__EXERCISE GOAL__
A letter-for-letter copy of the listing is required, with no pictures in it.
•••
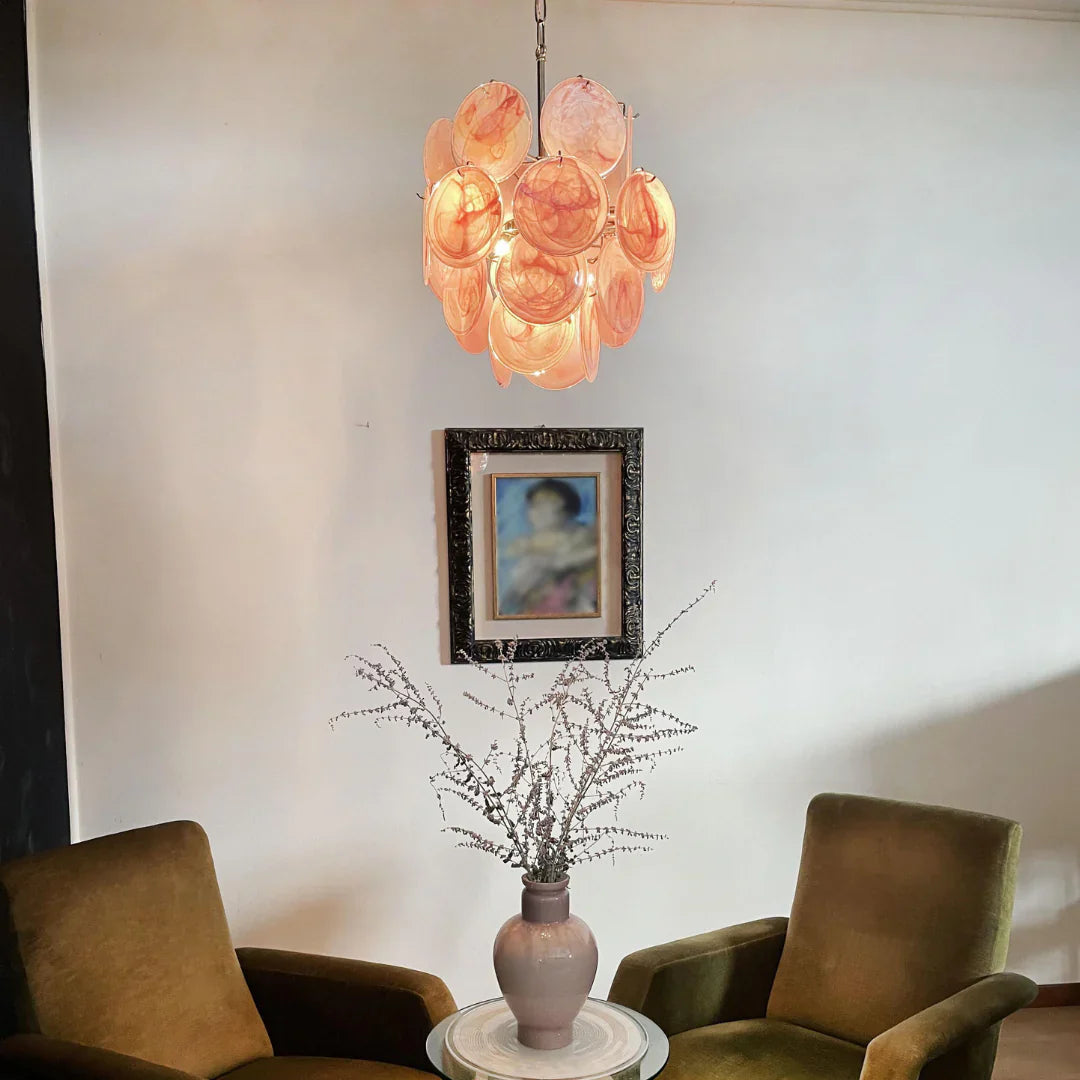 Vintage Murano Pink Glass Disks Chandelier product image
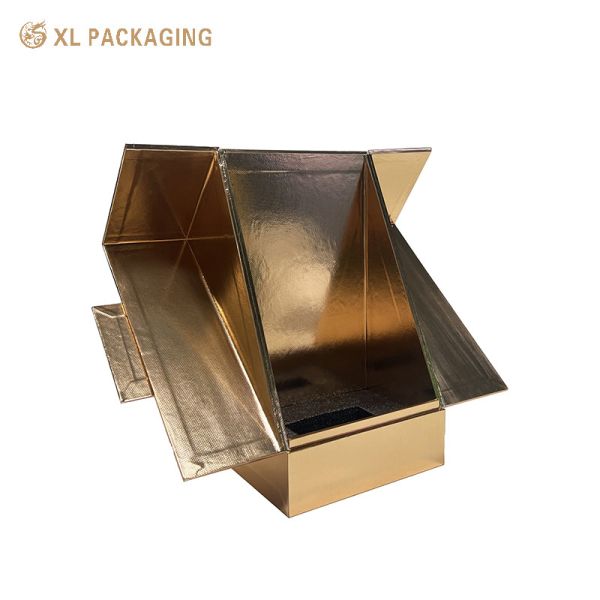 XL Packaging Custom Packaging Box Factory Gold Glossy Paper Wine Packaging Box Two Door Magnet Vodka Whisky Packaging Box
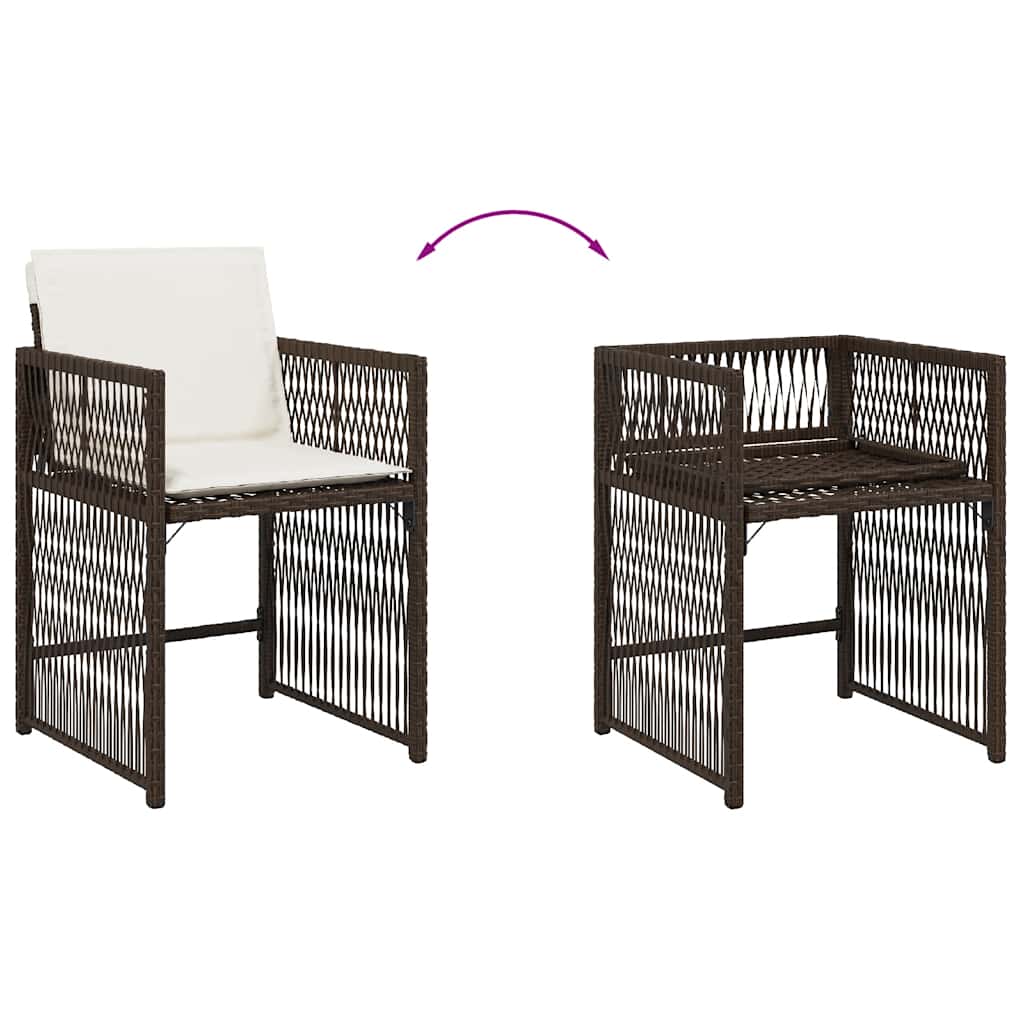 havestole 4 stk. med hynder polyrattan brun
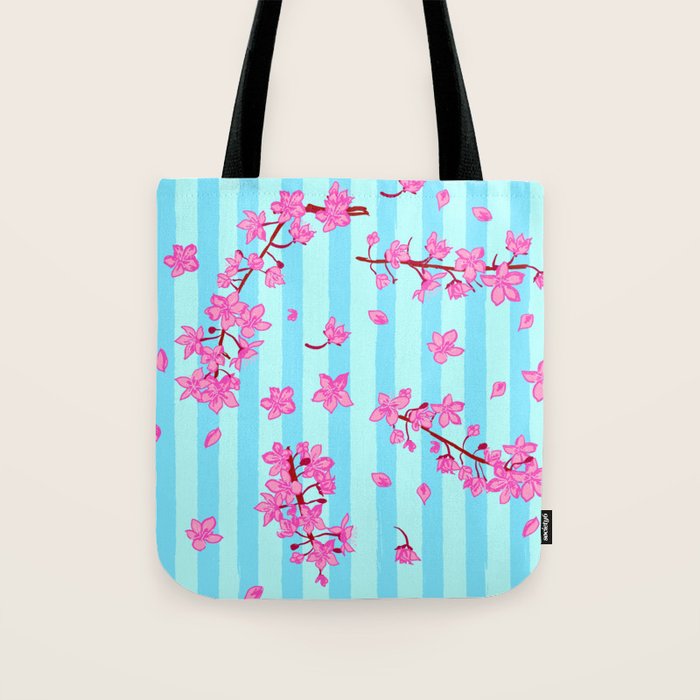 Blue Retro Stripes Sakura Floral Tote Bag Gallery Image 1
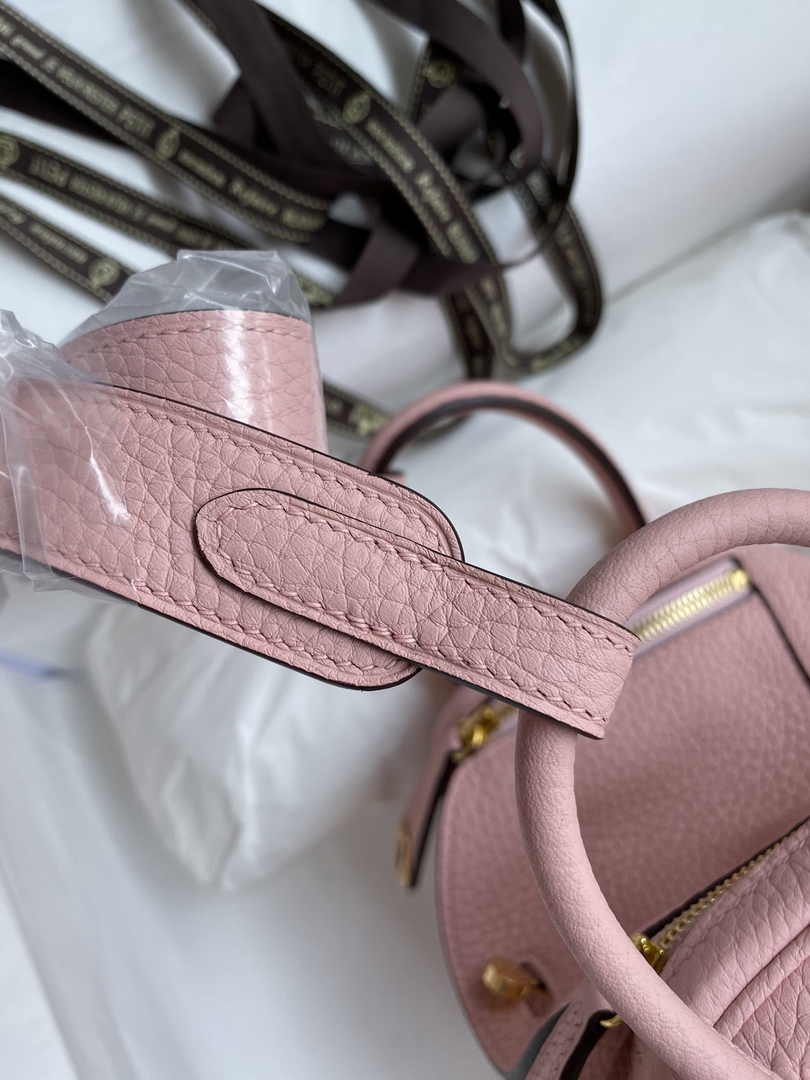 Hermes Lindy Mini Bag Pink Togo Leather Gold Hardware H8622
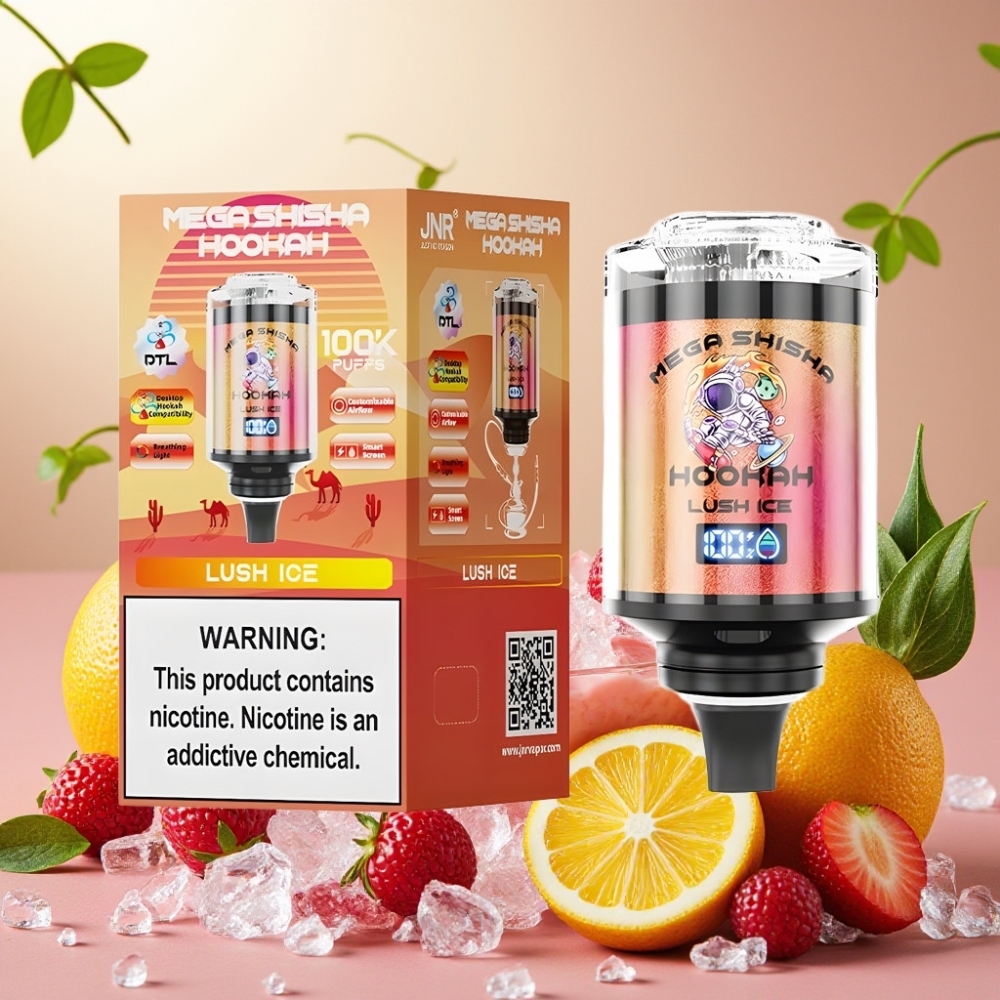 JNR Mega Shisha Hookah 100K Compatibilidad de Escritorio Hielo Lush y JNR Mega Shisha Hookah Compatibilidad de Escritorio
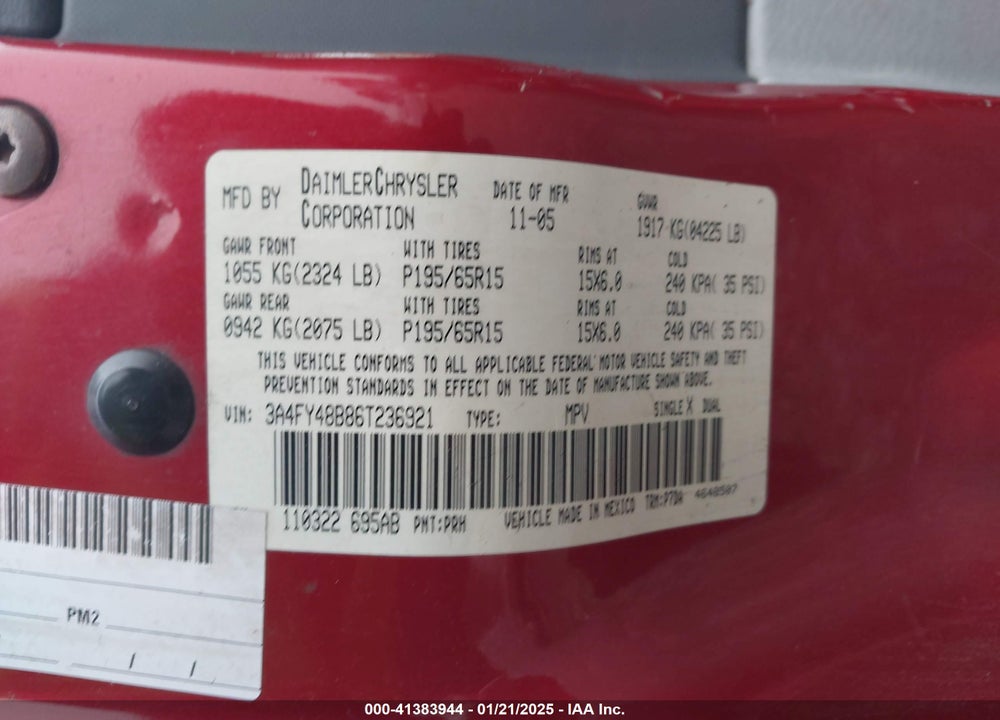 2006 CHRYSLER PT CRUISER VIN: 3A4FY48B86T236921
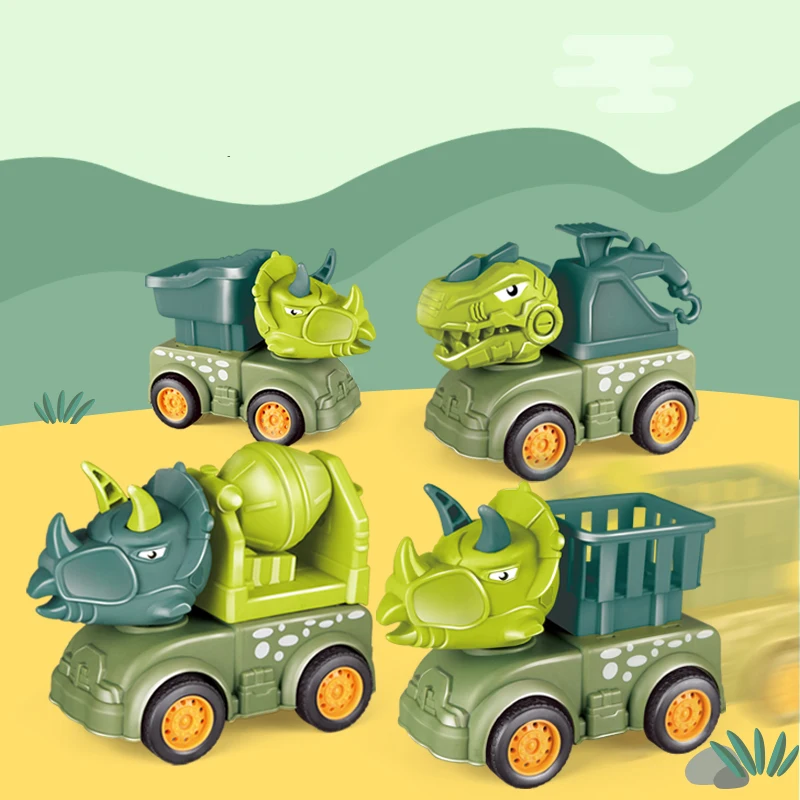 2022 new design simulation six style cartoon press slide dinosaur engineering vehicle toys  inertia car boy truck toys for kids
•••
__SOLUTION TO THIS EXERCISE__
 Vintage Murano Pink Glass Disks Chandelier product image
 XL Packaging Custom Packaging Box Factory Gold Glossy Paper Wine Packaging Box Two Door Magnet Vodka Whisky Packaging Box
 havestole 4 stk. med hynder polyrattan brun
 Blue Retro Stripes Sakura Floral Tote Bag Gallery Image 1
 Hermes Lindy Mini Bag Pink Togo Leather Gold Hardware H8622
 JNR Mega Shisha Hookah 100K Compatibilidad de Escritorio Hielo Lush y JNR Mega Shisha Hookah Compatibilidad de Escritorio
 2006 CHRYSLER PT CRUISER VIN: 3A4FY48B86T236921
 2022 new design simulation six style cartoon press slide dinosaur engineering vehicle toys  inertia car boy truck toys for kids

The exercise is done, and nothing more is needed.